The tenth anniversary of a little book about the America overshadowed by war: Dispatches From the Muckdog Gazette.
Batavia, NY

Thomas Wolfe, the adjectival Tar Heel, not the dandified Virginia expositor of The Right Stuff, philosophized in his execrably titled You Can’t Go Home Again that “A man learns a great deal about life from writing and publishing a book.”

He can say that again… and again.

(I’ll always love Wolfe, who meant a great deal to me when I was younger, but one of my favorite stories about the logorrheic author is that he prefaced the manuscript that became Look Homeward, Angel with an assurance that “I do not believe the writing to be wordy, prolix, or redundant.”)

March 2013 marks the tenth anniversary of the simultaneous launching of the Iraq War and my memoirish tale of going home again (and what I found there), Dispatches From the Muckdog Gazette.

I guess there just wasn’t enough space in the American attention span to accommodate both these events, so despite the best efforts of the good folks at Henry Holt, shock and awe hogged all the headlines. Those bastards Bush and Cheney—what infernal timing they have!

I did, however, learn a bit about life from that experience.

Honesty is not just the best but the only policy for a writer. As Thoreau counseled, “Say what you have to say, not what you ought. Any truth is better than make-believe.” Given that this book’s subject was my hometown of Batavia, New York, there was no way to be honest without bruising feelings. To have been cautious or solicitous would have caused severe anemia and crashing boredom.
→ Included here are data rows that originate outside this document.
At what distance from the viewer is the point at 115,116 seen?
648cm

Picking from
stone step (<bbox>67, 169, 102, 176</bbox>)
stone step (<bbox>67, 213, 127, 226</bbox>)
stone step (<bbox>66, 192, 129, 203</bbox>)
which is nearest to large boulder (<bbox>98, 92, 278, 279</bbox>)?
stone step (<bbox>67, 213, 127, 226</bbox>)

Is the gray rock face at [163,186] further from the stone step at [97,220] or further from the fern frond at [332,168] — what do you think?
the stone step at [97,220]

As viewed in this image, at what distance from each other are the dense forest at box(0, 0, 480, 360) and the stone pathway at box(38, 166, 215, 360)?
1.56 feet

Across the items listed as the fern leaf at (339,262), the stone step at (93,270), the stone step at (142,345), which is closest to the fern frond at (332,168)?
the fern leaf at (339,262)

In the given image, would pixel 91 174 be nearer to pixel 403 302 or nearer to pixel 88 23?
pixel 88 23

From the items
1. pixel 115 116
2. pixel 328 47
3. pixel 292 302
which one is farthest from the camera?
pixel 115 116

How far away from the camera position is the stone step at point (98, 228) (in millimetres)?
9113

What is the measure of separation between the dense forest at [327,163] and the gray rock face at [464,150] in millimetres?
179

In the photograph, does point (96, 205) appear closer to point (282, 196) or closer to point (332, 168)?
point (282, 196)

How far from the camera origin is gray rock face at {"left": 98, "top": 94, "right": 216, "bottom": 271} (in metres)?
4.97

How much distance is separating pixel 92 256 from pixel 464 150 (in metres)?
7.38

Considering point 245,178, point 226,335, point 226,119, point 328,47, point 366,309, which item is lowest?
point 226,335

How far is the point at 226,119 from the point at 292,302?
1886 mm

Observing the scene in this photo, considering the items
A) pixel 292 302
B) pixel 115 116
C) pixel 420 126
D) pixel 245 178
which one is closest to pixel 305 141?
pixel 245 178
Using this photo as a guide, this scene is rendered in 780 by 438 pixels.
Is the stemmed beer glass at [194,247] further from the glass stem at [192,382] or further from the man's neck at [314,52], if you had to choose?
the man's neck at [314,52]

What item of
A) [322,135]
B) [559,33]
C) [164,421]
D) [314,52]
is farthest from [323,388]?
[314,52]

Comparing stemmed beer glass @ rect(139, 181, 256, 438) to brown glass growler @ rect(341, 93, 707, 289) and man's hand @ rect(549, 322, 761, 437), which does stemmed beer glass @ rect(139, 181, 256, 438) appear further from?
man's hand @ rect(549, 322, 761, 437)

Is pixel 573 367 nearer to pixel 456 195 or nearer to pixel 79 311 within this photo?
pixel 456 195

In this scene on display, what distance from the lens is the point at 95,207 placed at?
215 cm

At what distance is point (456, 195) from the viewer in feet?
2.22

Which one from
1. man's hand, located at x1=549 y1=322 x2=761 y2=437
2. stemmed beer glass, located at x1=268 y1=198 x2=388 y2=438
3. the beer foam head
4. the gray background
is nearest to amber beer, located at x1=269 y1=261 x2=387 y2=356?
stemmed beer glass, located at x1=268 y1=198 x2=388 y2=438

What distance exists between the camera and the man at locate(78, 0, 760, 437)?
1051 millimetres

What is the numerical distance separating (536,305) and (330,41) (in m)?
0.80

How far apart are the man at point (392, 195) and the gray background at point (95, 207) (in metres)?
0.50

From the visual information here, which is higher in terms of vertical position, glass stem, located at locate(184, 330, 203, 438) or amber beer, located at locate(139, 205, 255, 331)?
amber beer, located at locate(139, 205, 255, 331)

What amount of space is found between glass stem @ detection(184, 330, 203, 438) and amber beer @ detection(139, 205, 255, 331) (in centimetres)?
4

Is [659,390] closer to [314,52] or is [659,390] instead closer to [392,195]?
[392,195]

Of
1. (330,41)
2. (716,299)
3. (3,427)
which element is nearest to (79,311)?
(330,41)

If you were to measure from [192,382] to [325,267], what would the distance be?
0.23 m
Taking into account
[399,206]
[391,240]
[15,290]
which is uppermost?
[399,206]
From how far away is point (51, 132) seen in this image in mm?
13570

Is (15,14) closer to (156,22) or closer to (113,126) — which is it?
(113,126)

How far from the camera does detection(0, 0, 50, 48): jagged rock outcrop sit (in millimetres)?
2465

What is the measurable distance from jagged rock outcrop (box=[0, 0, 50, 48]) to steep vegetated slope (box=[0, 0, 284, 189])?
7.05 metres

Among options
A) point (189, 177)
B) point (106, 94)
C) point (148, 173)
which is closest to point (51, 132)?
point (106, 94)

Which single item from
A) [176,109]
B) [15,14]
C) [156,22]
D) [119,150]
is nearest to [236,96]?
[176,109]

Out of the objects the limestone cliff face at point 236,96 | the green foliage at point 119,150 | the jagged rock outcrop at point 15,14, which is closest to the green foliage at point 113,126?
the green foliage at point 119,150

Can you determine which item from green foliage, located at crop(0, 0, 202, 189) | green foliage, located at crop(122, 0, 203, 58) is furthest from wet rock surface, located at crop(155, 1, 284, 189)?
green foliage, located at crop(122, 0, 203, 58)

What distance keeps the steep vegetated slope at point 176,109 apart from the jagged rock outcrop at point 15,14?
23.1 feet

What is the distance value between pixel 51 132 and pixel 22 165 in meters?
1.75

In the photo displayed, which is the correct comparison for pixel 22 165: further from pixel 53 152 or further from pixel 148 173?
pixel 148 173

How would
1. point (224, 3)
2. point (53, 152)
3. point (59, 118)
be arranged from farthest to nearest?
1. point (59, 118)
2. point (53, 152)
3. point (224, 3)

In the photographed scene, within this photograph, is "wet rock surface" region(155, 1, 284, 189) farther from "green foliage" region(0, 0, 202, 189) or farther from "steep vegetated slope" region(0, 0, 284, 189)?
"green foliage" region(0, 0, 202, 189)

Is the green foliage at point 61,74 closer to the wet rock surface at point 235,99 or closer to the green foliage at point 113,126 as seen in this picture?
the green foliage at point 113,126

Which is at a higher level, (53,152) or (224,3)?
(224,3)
A month or so before publication I came down with the usual auctorial premonitions of disaster. There was a good deal of anticipation around town surrounding publication, to which my reaction was “Holy Crow—people here are actually going to read this.” What, I wondered, was the modern equivalent of being run out of town on a rail?

For in Dispatches, I treated with wit (half-wit, if you don’t like it) and gleeful scatter-sprayed invective the ethno-religious conflicts that once rived—and, in a way, fortified—my town. As a typical American mongrel, with mixed bloodlines and a shambling sympathy for all sides of the American divide, I claimed an exemption from oppressive sensitivity codes.  I wrote about the faded WASP ruling class from the point of view of the once déclassé Italian and Irish Catholics, and I wrote about the latter from the p.o.v. of the former. After all, I’m dago, mick, limey, kraut, papist, Prot… that’s a pretty wide free-fire zone.
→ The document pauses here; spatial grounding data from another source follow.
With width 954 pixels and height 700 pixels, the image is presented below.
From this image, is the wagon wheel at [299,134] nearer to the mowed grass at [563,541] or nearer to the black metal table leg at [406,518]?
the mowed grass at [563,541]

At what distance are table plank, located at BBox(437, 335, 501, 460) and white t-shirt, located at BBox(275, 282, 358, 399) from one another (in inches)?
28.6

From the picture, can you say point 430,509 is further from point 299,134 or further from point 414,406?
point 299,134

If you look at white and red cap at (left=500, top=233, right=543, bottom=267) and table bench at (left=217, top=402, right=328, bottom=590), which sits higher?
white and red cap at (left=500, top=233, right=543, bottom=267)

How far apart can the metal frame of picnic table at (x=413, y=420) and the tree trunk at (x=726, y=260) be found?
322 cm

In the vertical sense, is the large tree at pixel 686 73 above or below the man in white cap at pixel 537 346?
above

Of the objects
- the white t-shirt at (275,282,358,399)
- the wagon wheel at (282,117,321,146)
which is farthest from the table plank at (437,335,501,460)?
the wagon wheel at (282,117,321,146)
Wolfe described “with bitter chagrin” the reception of Look Homeward, Angel by his hometown of Asheville, North Carolina. The vitriol fell like acid rain. But then Wolfe had fled North Carolina for exile in the Vampire City.
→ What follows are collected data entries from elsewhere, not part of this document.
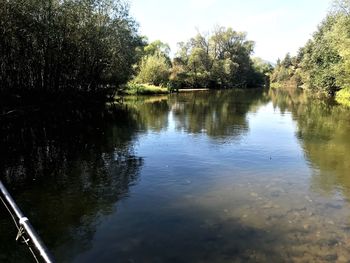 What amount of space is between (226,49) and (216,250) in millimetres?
123947

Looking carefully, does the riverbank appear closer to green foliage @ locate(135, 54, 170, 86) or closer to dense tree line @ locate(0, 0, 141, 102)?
green foliage @ locate(135, 54, 170, 86)

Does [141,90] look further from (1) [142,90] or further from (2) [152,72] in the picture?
(2) [152,72]

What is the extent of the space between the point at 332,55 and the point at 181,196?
59538mm

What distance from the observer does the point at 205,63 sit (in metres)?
113

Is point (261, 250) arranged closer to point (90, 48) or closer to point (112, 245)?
point (112, 245)

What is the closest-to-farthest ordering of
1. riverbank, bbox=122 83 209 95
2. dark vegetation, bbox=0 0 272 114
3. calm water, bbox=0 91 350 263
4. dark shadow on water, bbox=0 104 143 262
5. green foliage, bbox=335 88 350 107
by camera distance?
calm water, bbox=0 91 350 263 → dark shadow on water, bbox=0 104 143 262 → dark vegetation, bbox=0 0 272 114 → green foliage, bbox=335 88 350 107 → riverbank, bbox=122 83 209 95

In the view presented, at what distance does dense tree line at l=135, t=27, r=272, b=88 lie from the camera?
93312mm

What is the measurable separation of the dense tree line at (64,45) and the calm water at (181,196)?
12.1 metres

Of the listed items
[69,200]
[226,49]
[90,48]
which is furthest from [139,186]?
[226,49]

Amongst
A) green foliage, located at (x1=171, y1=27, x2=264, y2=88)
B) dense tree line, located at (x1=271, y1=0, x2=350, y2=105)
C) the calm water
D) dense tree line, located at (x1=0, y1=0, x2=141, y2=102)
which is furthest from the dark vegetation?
green foliage, located at (x1=171, y1=27, x2=264, y2=88)

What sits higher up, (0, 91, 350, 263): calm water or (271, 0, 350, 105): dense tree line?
(271, 0, 350, 105): dense tree line

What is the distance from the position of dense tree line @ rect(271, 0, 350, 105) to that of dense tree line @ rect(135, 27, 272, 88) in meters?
31.2

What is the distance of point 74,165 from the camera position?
61.1 ft

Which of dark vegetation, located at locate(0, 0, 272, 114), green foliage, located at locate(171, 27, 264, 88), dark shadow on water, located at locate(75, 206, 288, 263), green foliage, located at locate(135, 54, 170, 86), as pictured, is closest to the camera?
dark shadow on water, located at locate(75, 206, 288, 263)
He wrote of a tormentor: “One venerable old lady, whom I had known all my life, wrote me that although she had never believed in lynch law, she would do nothing to prevent a mob from dragging my ‘big overgroan karkus’ across the public square.”

I heard through the grapevine of—mercifully few—people who were offended by my Italian jokes. (My Stella lineage provided insufficient protection—but then my grandmother always said we were “northern Italian, almost Swiss.”)  From the other side, I was taken to task by the octogenarian grande dame of our city, who had grown up in pre-sprawl Long Island and still sounded like it.

She confronted me after a concert at St. James Episcopal Church. “I’m baaah-lee speaking to you,” she announced.

Wolfe-like, I had known my venerable critic since I was a boy. I threw my hands up in mock surrender.

“Sorry… sorry,” I stammered, certain that I knew the source of her displeasure: my raillery about upper-crust Protestants.

“How could you say that I have an ox-cent?” she asked in her inimitable accent.

I laughed. “Is that all?”

March/April 2013“Yes. And why must you use so much profanity?”

I acknowledged my literary Tourette’s. Within the month she was speaking to me again. As I write this she is 92 and we’re still pals.

Various outlets sold upwards of 800 copies of the book in Batavia—an extraordinary number for a rural working-class burg of 15,000 souls. As for sales in the rest of the good old USA… I blame Bush.

I had used as an epigraph this line from Sinclair Lewis’s Cass Timberlane: “To its fugitive children, Grand Republic will forgive almost anything, if they will but come back home.”

You can go home again. And if they’ll forgive me, they’ll forgive anyone.